_YOUR TASK_
Below are the records to retype. Keep every character exactly and leave out the pictures.

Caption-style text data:

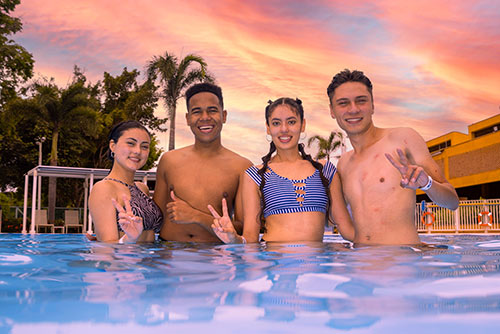 Cuatro jóvenes, dos hombres y dos mujeres, dentro de una piscina compartiendo un momento juntos y disfrutando de los planes de dos noches, tres días en Hotel Lagosol
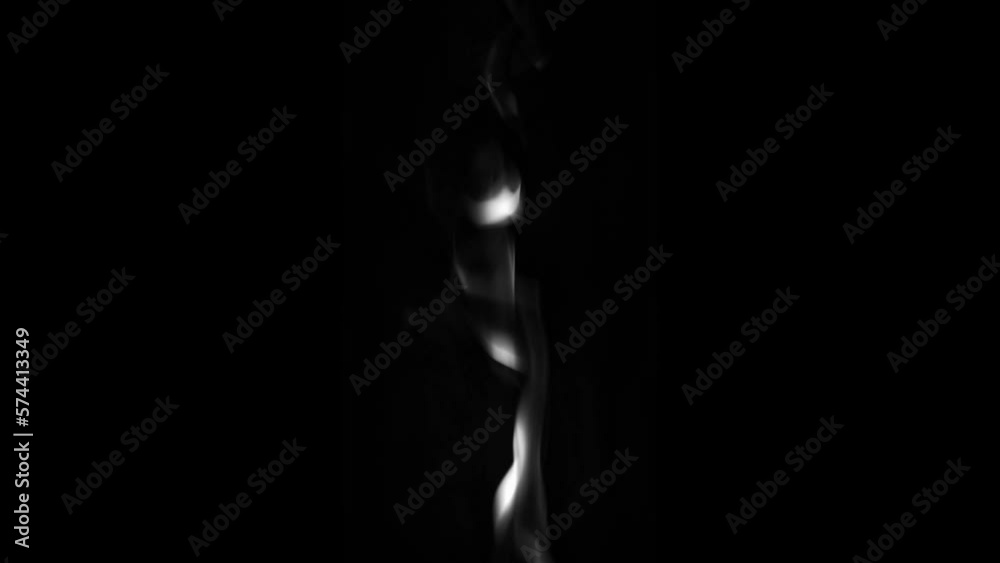 Smoke rises in a trickle from bottom to top on a dark background. High quality Full HD footage. Smoke rises in a trickle from bottom to top on a dark background. High quality Full HD footage.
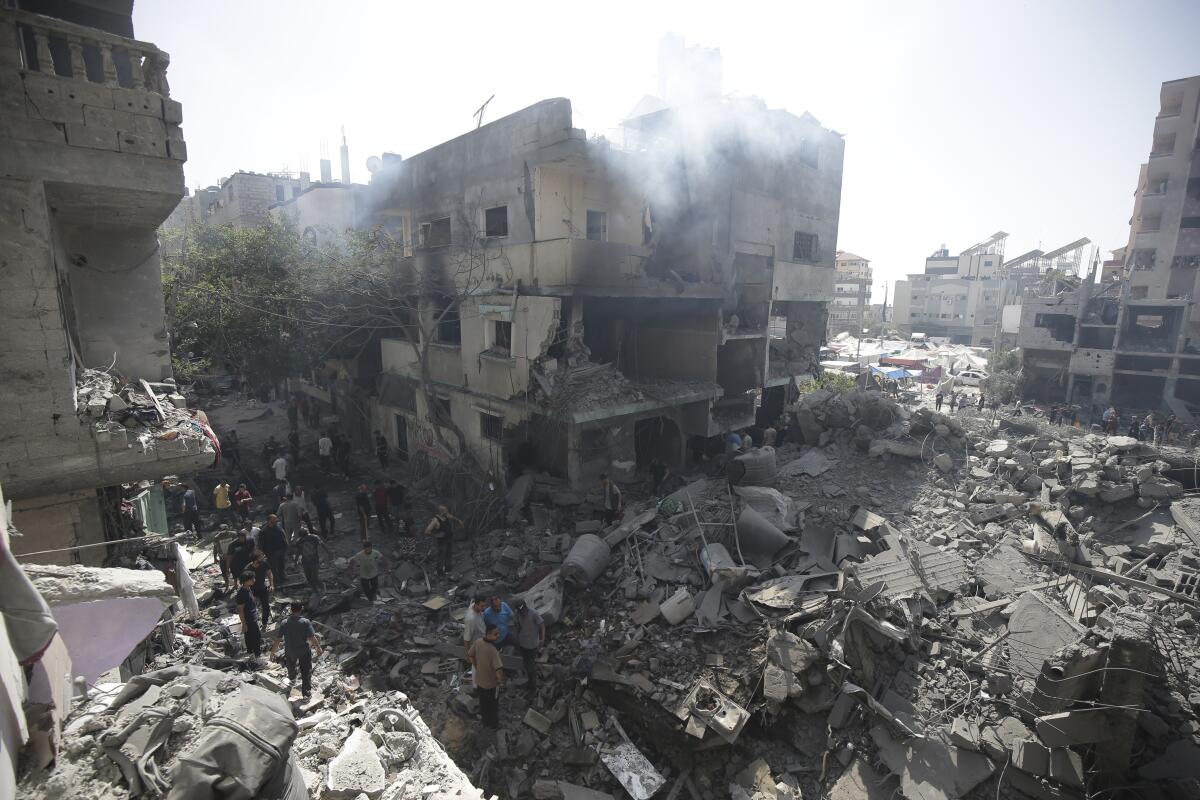 Palestinians look at the aftermath of the Israeli bombing in Nuseirat refugee camp.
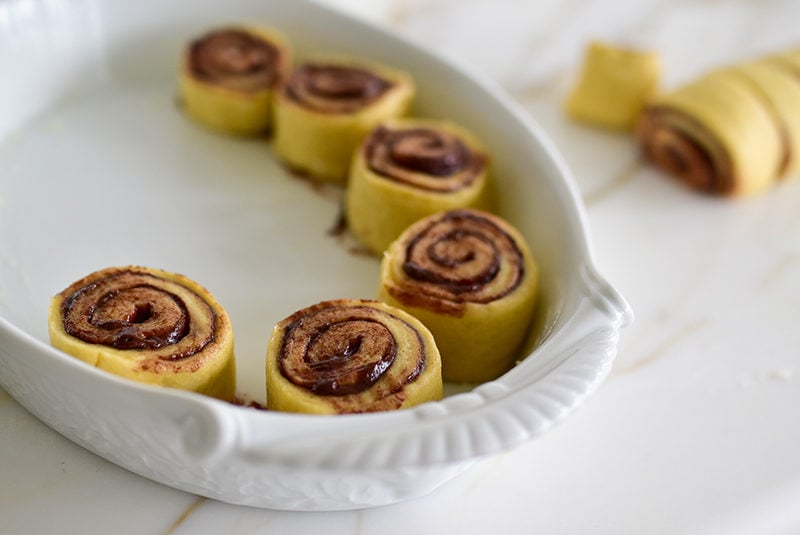 Cut dough rolls in the baking dish for chocolate tahini breakfast rolls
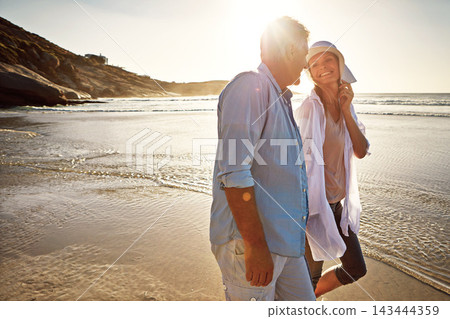 Senior, happy couple and walking with beach sunset for love, embrace or bonding together in nature. Man, woman or lovers holding hands with smile for summer holiday by water, sea or ocean coast Senior, happy couple and walking with beach sunset for love, embrace or bonding together in nature. Man, woman or lovers holding hands with smile for summer holiday by water, sea or ocean coast 143444359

_EXERCISE ANSWER_
 Cuatro jóvenes, dos hombres y dos mujeres, dentro de una piscina compartiendo un momento juntos y disfrutando de los planes de dos noches, tres días en Hotel Lagosol
 Smoke rises in a trickle from bottom to top on a dark background. High quality Full HD footage. Smoke rises in a trickle from bottom to top on a dark background. High quality Full HD footage.
 Palestinians look at the aftermath of the Israeli bombing in Nuseirat refugee camp.
 Cut dough rolls in the baking dish for chocolate tahini breakfast rolls
 Senior, happy couple and walking with beach sunset for love, embrace or bonding together in nature. Man, woman or lovers holding hands with smile for summer holiday by water, sea or ocean coast Senior, happy couple and walking with beach sunset for love, embrace or bonding together in nature. Man, woman or lovers holding hands with smile for summer holiday by water, sea or ocean coast 143444359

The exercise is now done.